L’utilisation de l’ACV peut donner lieu à des impacts environnementaux très contrastés selon les produits : un steak de bœuf a par exemple un impact global 30 fois supérieur à celui du tofu selon Agribalyse. Pour reporter ces différences sur une étiquette ne proposant que 5 notes allant de A à E, Planet-score transpose les scores issus de l’ACV sur une échelle logarithmique fermée allant de 0 à 100.

Comme l’explique Anne-Claire Asselin, experte environnement et biodiversité ayant contribué à l’élaboration de la méthodologie initiale de Planet-score via son cabinet de conseil SAYARI, cette transformation mathématique “atténue les fortes valeurs ACV tout en créant un effet de zoom sur les petites”. Anne-Claire Asselin précise que SAYARI s’est retiré du projet Planet-score en août 2022 “pour divergence scientifique”.

Illustration de la transposition à une échelle logarithmique des scores issus de l’ACV modifiée. 
Source : Anne-Claire Asselin.

La méthode logarithmique est donc intrinsèquement favorable aux produits à fort impact environnemental (comme les produits carnés), qui voient l’écart qui les séparaient initialement des produits végétaux se réduire fortement.

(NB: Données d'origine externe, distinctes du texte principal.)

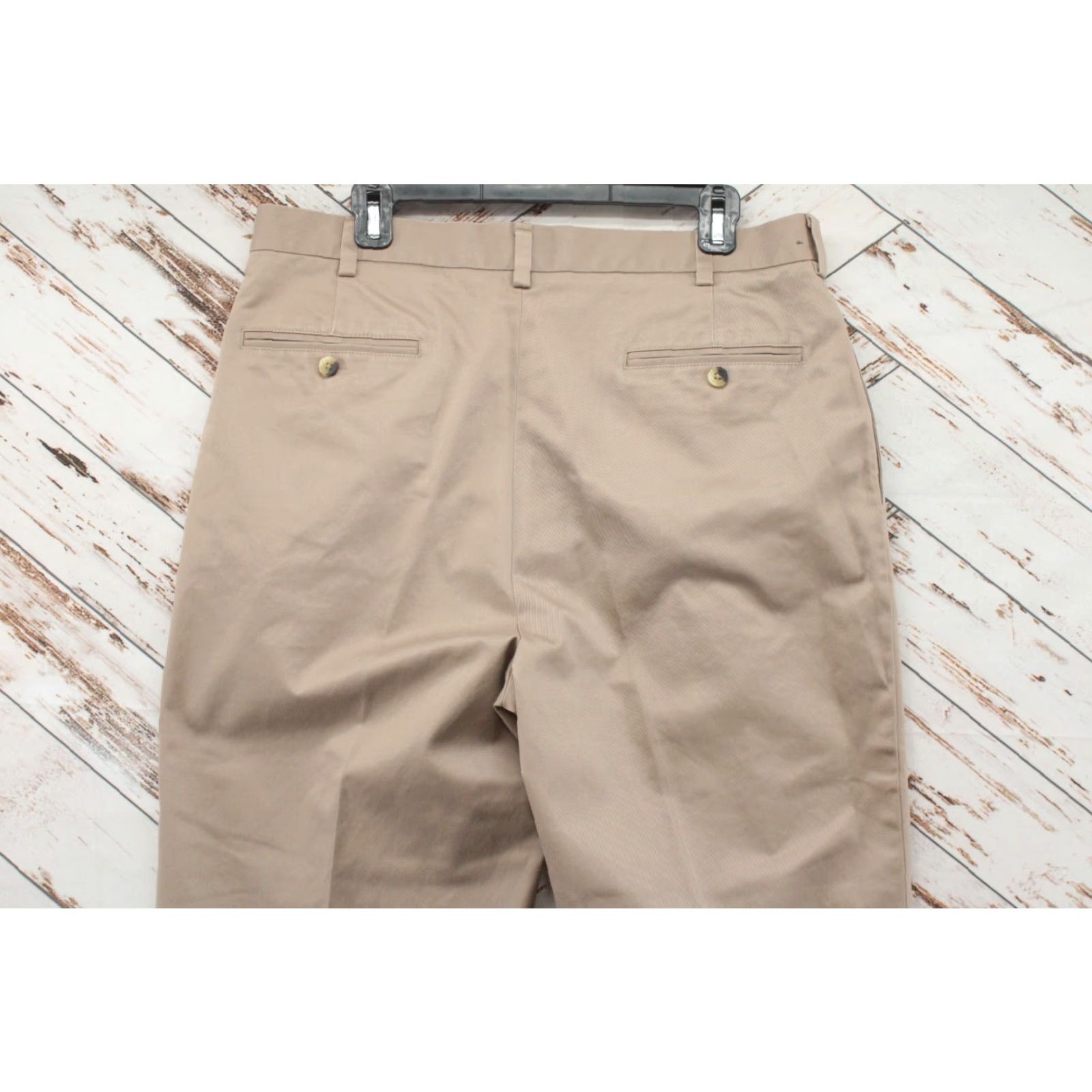 Jos. A. Bank Jos A Bank Chino Pants Men's 36 Khaki Heavy Cotton Pleated Cuffed Casual Friday Size US 36 / EU 52 - 4 Thumbnail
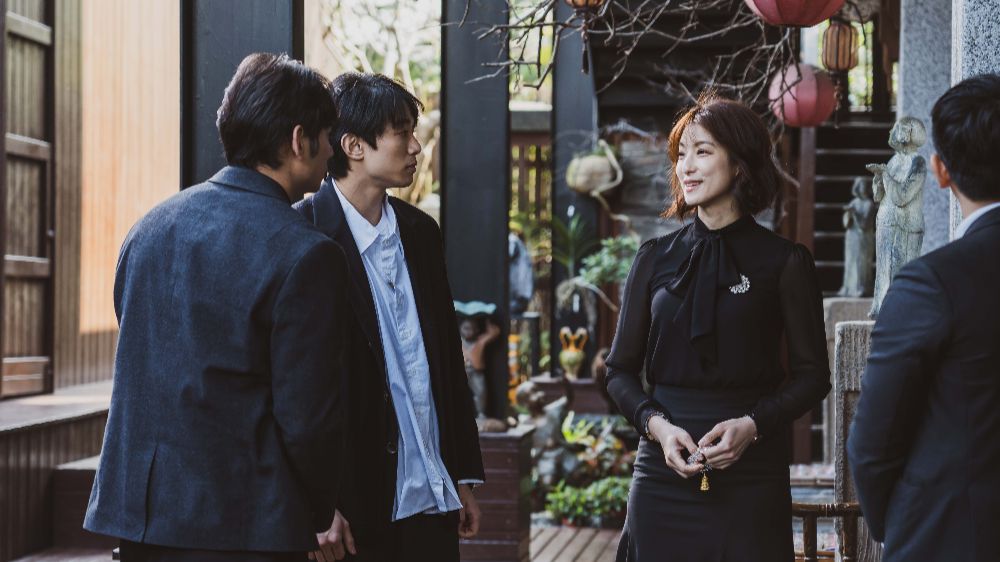 KISS-ME-MY-GHOST-FRIEND_4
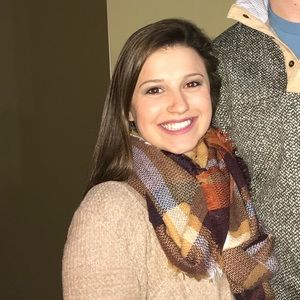 Meet your Posher, Emily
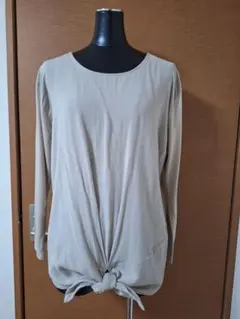 LEPSIMベージュ 前結び 長袖Tシャツフリーサイズ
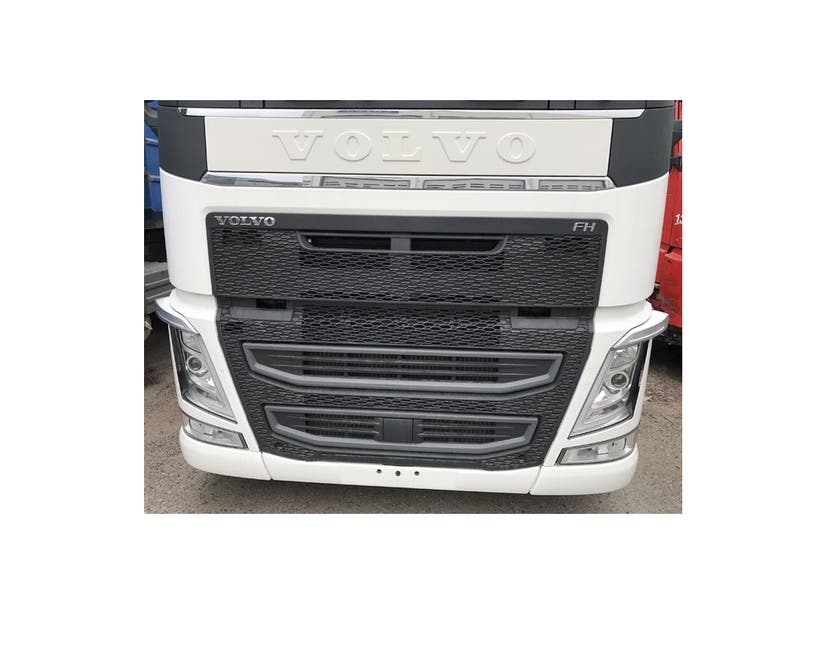 Frontplast/Skilt med Volvo Logo til fronten på Volvo FH4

Étape n°3 : attribuer des bonus-malus non justifiés

Après avoir modifié l’ACV et comprimé les scores, Planet-score applique à ces scores 13 paramètres additionnels, qui s’apparentent à des bonus-malus évaluant les “enjeux systémiques” dans une approche qui s’inspire des limites planétaires. 

Bonus-malus attribués par Planet-score en complément de l’ACV modifiée. 
Bonus-malus attribués par Planet-score en complément de l’ACV modifiée. 
NDLR : nous ajoutons les couleurs. 

Si la démarche n’est pas dénuée d’intérêt, aucun argument n’est fourni dans la note méthodologique pour justifier l’ajout de ces 13 paramètres spécifiques à ceux de l’ACV. Interrogée, l’équipe de Planet-score répond que ces indicateurs “ont été déterminés pour couvrir tous les domaines, notamment ceux très nombreux et très importants manquants dans l’ACV”. Une explication qui interroge, puisqu’au moins 7 des 13 paramètres ajoutés par Planet-score sont en réalité déjà pris en compte dans l’ACV utilisée par Agribalyse, qui sert de point de départ aux calculs de Planet-score. Appliquer ces 7 paramètres aux produits revient donc à comptabiliser deux fois l’impact environnemental du transport aérien, des serres chauffées, des engrais de synthèse, de la déforestation importée, des emballages, de l’irrigation, ou encore du stockage de carbone des prairies.

En outre, les valeurs des bonus-malus interrogent, tant leur poids (-25, +20, etc.) écrase les valeurs de l’échelle logarithmique comprises entre 0 et 100, comme le déplorait d’ailleurs le Conseil scientifique pour l’affichage environnemental, présidé par l’INRAe et missionné par le gouvernement. Anne-Claire Asselin abonde : “l’approche logarithmique […] fonctionne très bien pour les différences inter-catégories, mais Planet-score applique ensuite des bonus et malus après application du logarithme. Cette méthode de calcul crée un gros effet de loupe en intra-catégorie qui permet même à du bœuf d’obtenir la note A“.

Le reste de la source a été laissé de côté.